DPDP compliance fast-track may hurt startups, investors flag risks at policy briefing

Experts have cautioned that compressing compliance timelines under India’s Digital Personal Data Protection (DPDP) Rules could strain businesses and weaken investor confidence, particularly in the startup ecosystem. The concerns were raised during a media briefing hosted by InGovern Research Services. While industry stakeholders broadly welcomed the intent to strengthen data privacy, speakers warned that advancing implementation timelines from the originally proposed 18 months to 12 months — and in some cases immediate enforcement — could impose disproportionate operational and financial burdens. They stressed that DPDP compliance requires deep changes in technology architecture, governance systems and internal processes, not just paperwork.

Shriram Subramanian said mandatory data and log retention, combined with shortened timelines, could derail large enterprises and prove unmanageable for young companies. Legal experts echoed the concern, with Shreya Suri noting that startups and MSMEs lack adequate awareness, expertise and infrastructure to meet complex obligations at short notice.

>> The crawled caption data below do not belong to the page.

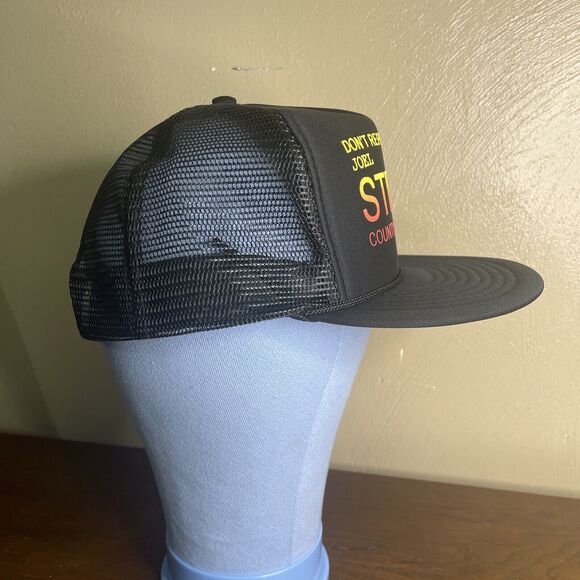 Vintage 90s Nissin Cap Rope/Foam/Mesh Trucker  Snapback Hat/Cap Politics - Picture 3 of 7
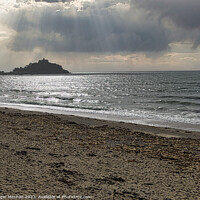 Buy canvas prints of St Michael's Mount Cornwall  by Roger Mechan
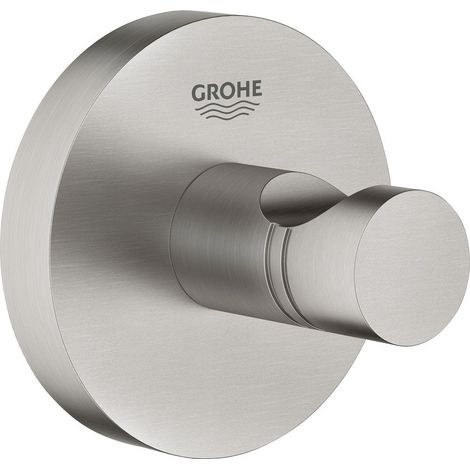 Grohe Essentials - Gancho para albornoz, supersteel 40364DC1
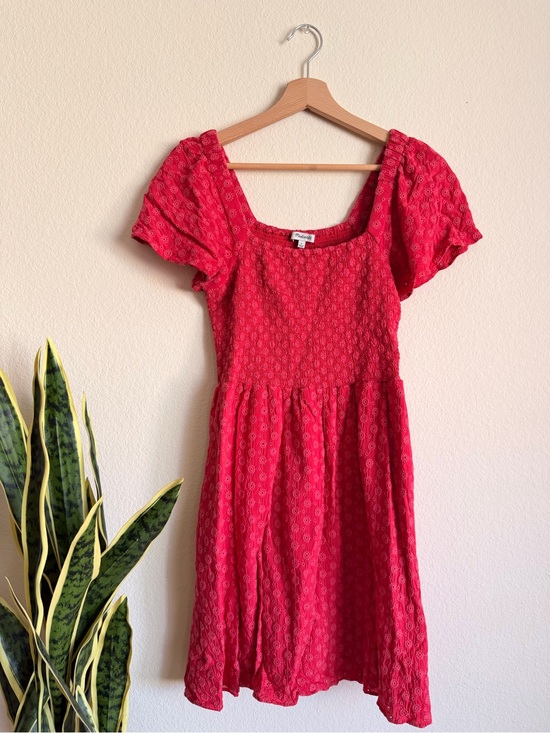 Madewell Dresses & Skirts - Madewell Eyelet Lucie Smocked Mini Dress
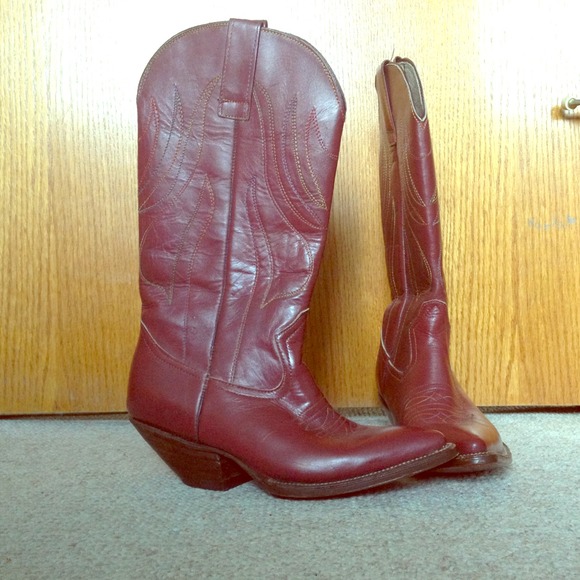 Vintage Red Cowboy Boots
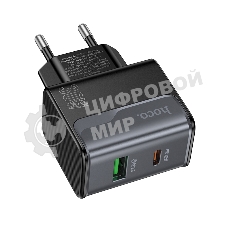 Зарядное устройство Hoco 30Вт, 3А, QC3.0/PD, 1xUSB, 1xType-C, CS73A, черный, коробка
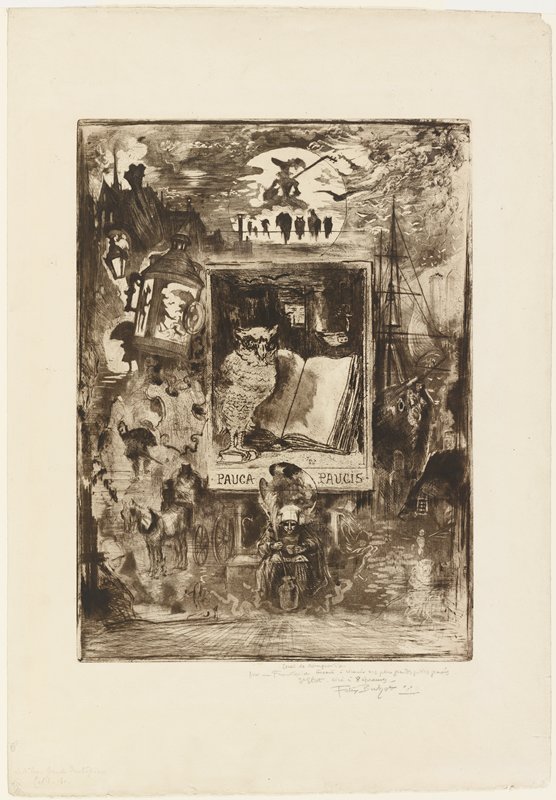 The Owl, Félix Buhot, 1883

Investors also flagged uncertainty around penalties and the designation of Significant Data Fiduciaries. Angel investor Lloyd Mathias said rising compliance costs and unclear enforcement could affect funding decisions and slow innovation. In Kolkata, which hosts a growing base of IT services firms, fintech startups and MSMEs, industry observers say compressed DPDP timelines could have an outsized impact. Many smaller enterprises in the city are still formalising digital systems and compliance frameworks. Sudden enforcement may force businesses to divert capital from expansion and hiring toward legal and data-security costs, potentially slowing digital adoption and investment momentum in eastern India.